Exact reproduction is required for the lines below starting at the line with "Hồi còn nhỏ, Muammar" and ending at the line with "Patent Leather beads", both included. No other lines, and no pictures.
──────── Material for this exercise ────────
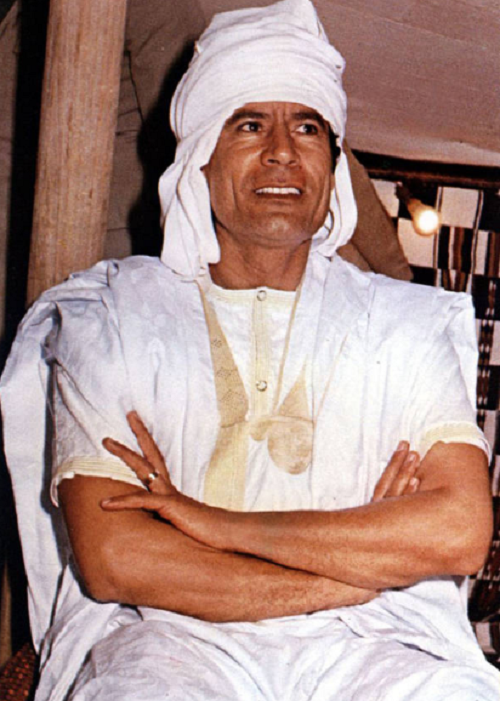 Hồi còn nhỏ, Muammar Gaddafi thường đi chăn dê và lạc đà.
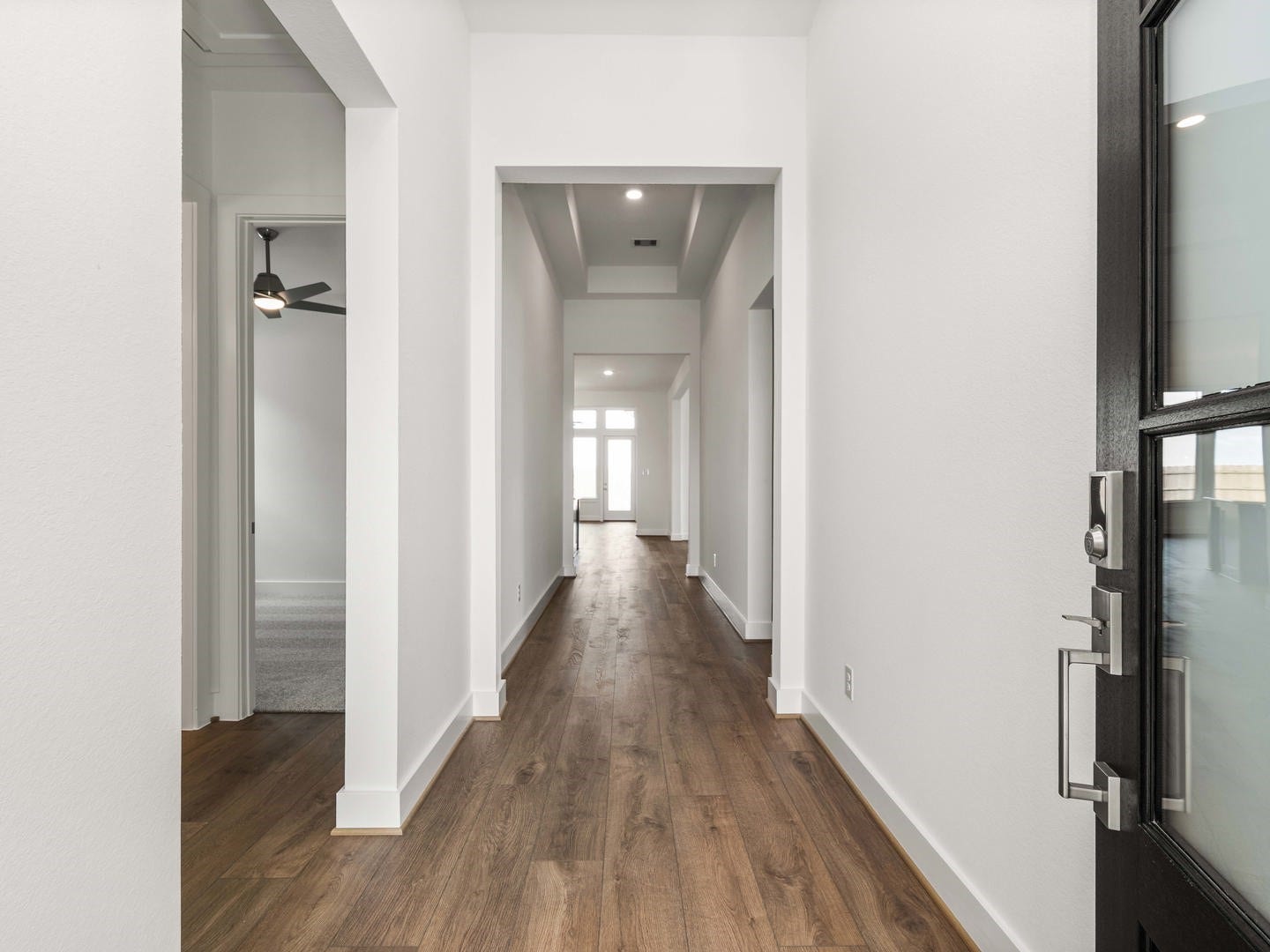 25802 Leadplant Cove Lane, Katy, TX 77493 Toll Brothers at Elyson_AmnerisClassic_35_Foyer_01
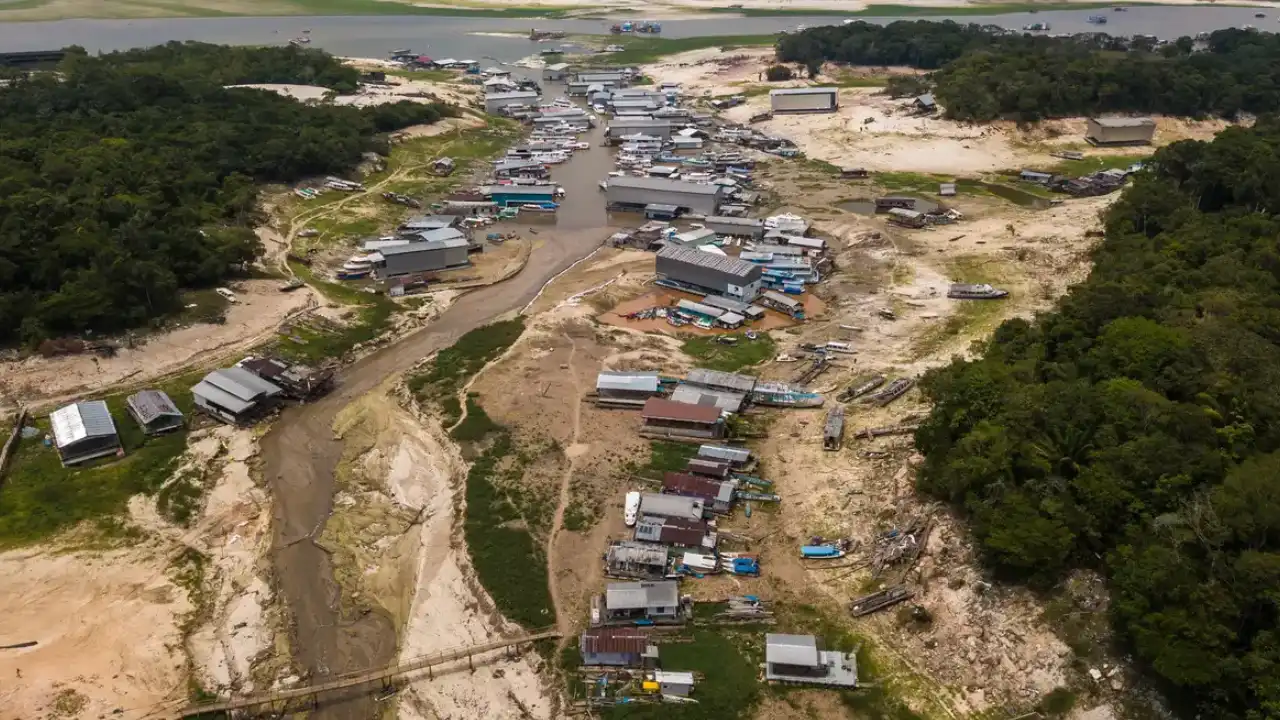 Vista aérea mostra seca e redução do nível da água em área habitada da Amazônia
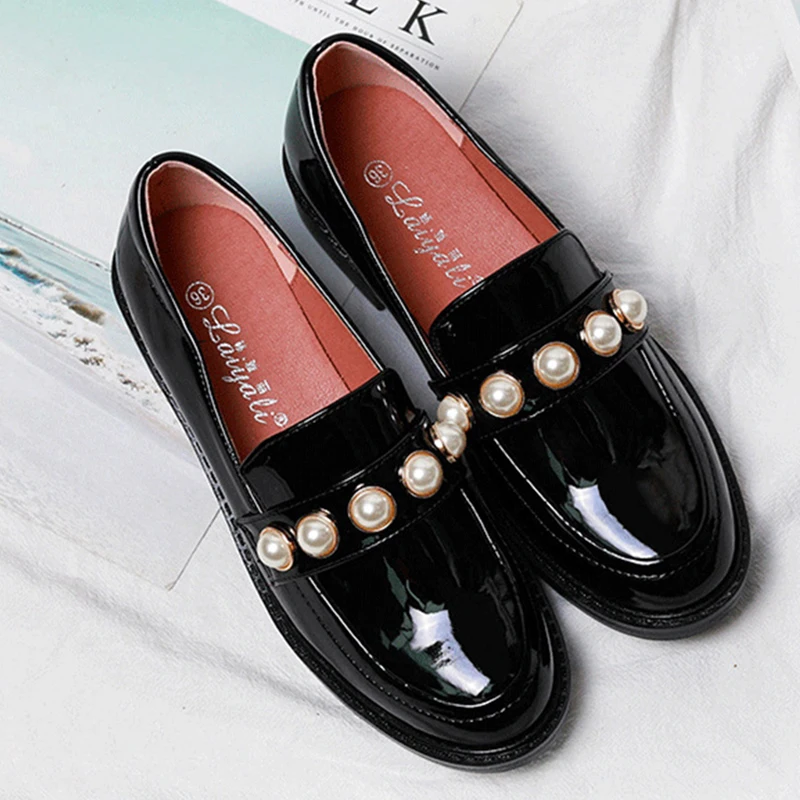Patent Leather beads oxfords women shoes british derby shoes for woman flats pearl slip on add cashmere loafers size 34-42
────────
──────── Material for this exercise ────────
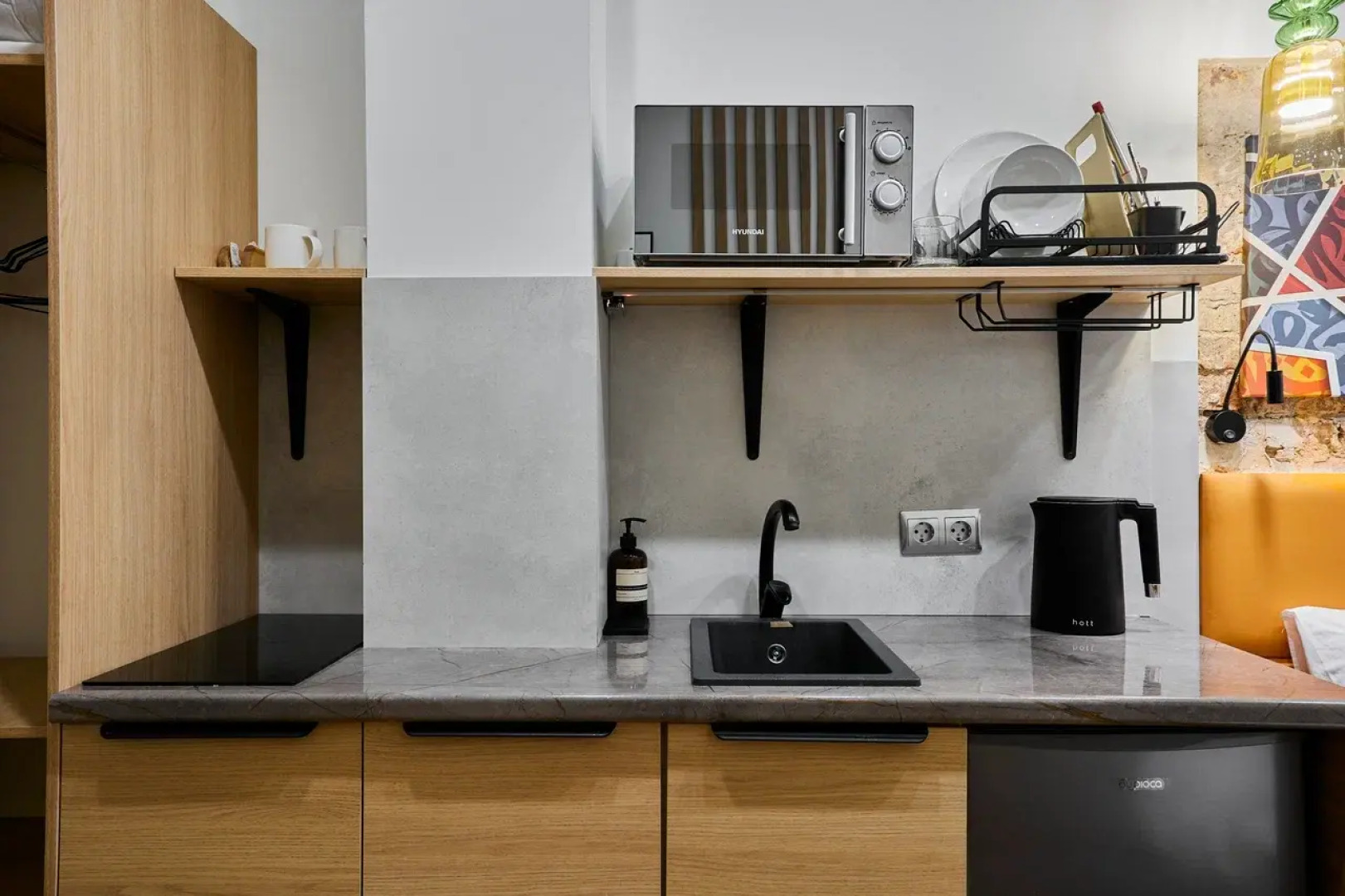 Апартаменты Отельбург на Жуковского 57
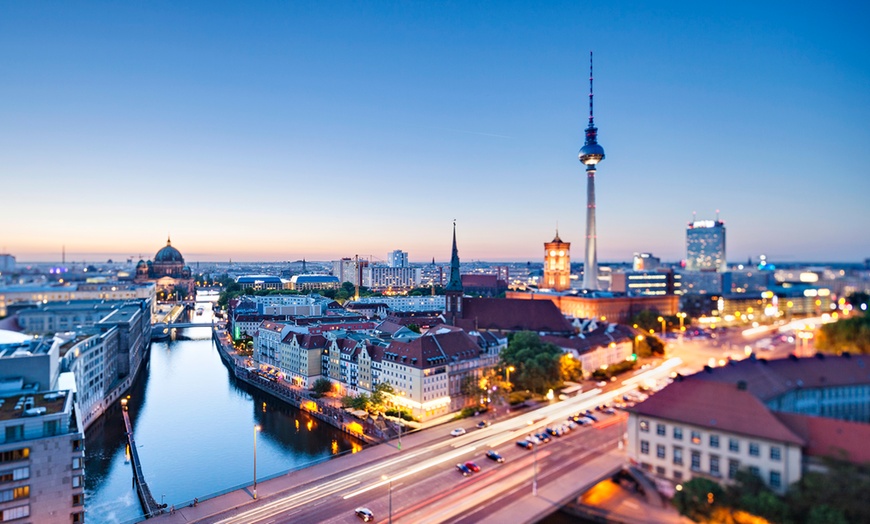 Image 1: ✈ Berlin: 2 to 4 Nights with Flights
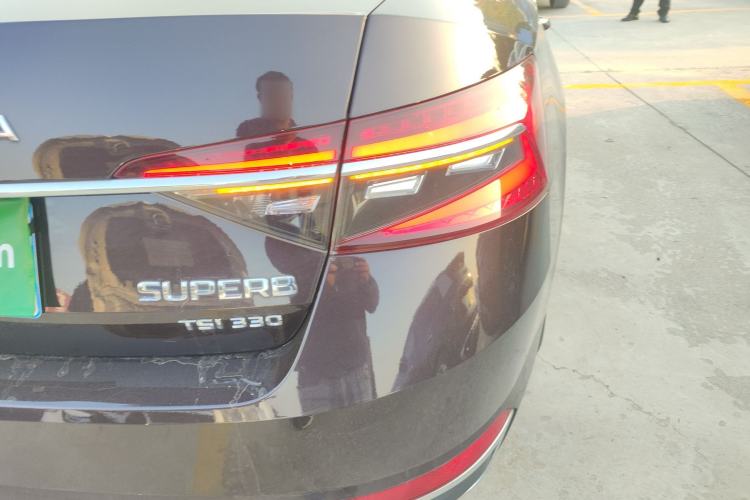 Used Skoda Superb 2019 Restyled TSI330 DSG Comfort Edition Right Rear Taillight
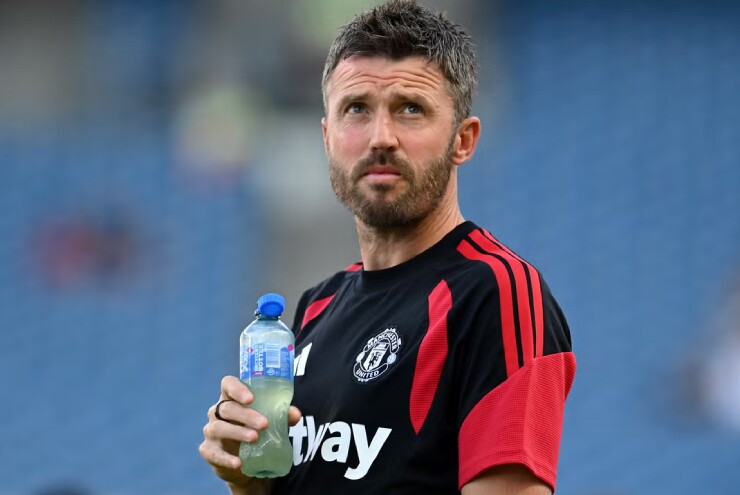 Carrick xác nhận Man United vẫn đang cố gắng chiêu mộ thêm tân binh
────────
◆ Solution for this problem ◆
 Hồi còn nhỏ, Muammar Gaddafi thường đi chăn dê và lạc đà.
 25802 Leadplant Cove Lane, Katy, TX 77493 Toll Brothers at Elyson_AmnerisClassic_35_Foyer_01
 Vista aérea mostra seca e redução do nível da água em área habitada da Amazônia
Patent Leather beads oxfords women shoes british derby shoes for woman flats pearl slip on add cashmere loafers size 34-42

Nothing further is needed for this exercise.